Fotografía tomada de Notimérica.
Matheus Kar

(Guatemala, 1994). Promotor de la democracia y la memoria histórica. Estudió la Licenciatura en Psicología en la Universidad de San Carlos de Guatemala. Entre los reconocimientos que ha recibido destacan el II Certamen Nacional de Narrativa y Poesía «Canto de Golondrinas» 2015, el Premio Luis Cardoza y Aragón (2016), el Premio Editorial Universitaria «Manuel José Arce» (2016), el Premio Nacional de Poesía “Luz Méndez de la Vega” y Accésit del Premio Ipso Facto 2017. Su trabajo se dispersa en antologías, revistas, fanzines y blogs de todo el radio. Ha publicado Asubhã (Editorial Universitaria, 2016).
2 Commentarios
Es un texto sinuoso.
El presente de las Humanidades en Guatemala está en la Pedagogía y no en las filosofías, las literaturas y las artes.
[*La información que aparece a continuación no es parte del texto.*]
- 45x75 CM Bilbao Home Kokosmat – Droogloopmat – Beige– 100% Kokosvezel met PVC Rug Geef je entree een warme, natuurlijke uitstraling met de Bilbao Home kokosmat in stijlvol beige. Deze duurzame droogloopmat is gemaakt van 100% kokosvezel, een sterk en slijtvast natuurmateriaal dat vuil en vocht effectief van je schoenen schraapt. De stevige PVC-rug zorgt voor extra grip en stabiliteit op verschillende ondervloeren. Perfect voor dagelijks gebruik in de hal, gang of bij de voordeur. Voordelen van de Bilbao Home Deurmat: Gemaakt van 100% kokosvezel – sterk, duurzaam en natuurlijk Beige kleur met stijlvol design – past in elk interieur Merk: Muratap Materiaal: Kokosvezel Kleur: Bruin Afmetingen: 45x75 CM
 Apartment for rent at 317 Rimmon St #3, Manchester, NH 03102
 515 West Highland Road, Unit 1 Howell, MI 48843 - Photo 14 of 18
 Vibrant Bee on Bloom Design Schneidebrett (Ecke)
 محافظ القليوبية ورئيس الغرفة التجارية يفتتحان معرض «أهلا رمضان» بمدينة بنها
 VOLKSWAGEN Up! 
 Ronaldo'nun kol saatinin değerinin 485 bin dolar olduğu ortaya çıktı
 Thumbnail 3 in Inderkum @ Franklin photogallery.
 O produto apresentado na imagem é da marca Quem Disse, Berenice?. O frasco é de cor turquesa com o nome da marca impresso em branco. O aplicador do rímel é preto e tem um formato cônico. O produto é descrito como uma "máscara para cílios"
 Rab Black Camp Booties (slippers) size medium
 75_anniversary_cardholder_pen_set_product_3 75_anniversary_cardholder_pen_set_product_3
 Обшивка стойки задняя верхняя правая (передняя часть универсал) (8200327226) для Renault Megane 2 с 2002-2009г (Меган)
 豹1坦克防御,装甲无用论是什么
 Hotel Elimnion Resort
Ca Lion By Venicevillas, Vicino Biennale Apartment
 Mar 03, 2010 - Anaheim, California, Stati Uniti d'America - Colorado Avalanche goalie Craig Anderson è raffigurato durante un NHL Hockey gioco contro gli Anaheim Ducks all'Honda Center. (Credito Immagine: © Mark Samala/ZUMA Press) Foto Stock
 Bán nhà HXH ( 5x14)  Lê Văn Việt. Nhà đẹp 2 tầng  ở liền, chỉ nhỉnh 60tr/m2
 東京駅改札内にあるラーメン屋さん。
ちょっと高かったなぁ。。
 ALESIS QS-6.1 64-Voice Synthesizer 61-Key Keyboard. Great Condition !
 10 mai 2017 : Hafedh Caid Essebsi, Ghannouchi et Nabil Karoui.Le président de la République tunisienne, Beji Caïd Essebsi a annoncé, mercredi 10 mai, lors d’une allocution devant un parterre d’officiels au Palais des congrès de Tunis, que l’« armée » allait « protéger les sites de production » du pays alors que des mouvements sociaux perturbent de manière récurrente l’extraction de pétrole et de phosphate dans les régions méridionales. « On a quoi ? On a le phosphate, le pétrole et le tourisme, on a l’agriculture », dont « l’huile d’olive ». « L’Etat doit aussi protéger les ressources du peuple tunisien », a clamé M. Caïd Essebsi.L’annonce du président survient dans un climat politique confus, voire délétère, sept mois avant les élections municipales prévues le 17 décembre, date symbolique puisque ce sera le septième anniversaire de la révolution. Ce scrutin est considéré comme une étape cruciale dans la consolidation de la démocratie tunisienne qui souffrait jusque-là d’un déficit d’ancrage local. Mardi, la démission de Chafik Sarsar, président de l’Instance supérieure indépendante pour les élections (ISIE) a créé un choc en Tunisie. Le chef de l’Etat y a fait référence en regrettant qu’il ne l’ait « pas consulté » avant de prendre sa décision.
Este presente lo definió así Juan José Arévalo.
Asturias escribió mucho sobre la nueva universidad, caracterizada por su proyección (o extensión), materializada en la Universidad Popular que fundaron los de la Generación de 1920 a la que perteneció.
El texto es bienintencionado, pero confuso.
A mí, en cambio, no me pareció ni sinuoso ni confuso; en todo caso, complejo tal como lo es el problema que se aborda y por las diversas citas en que se apoya Kar. Sin embargo, considero que sí logró –y muy bien– explicar el estado actual de las Humanidades. Comparto la aseveración de que éstas son necesarias por inútiles, puesto que la utilidad es un concepto económico que, en estos tiempos de un capitalismo salvaje e inhumano, todo lo que no «produce» o no genera utilidad, debe ser desechado.
El fragmento de Hombres de Maíz fue bien empleado para transmitir el tema central del texto.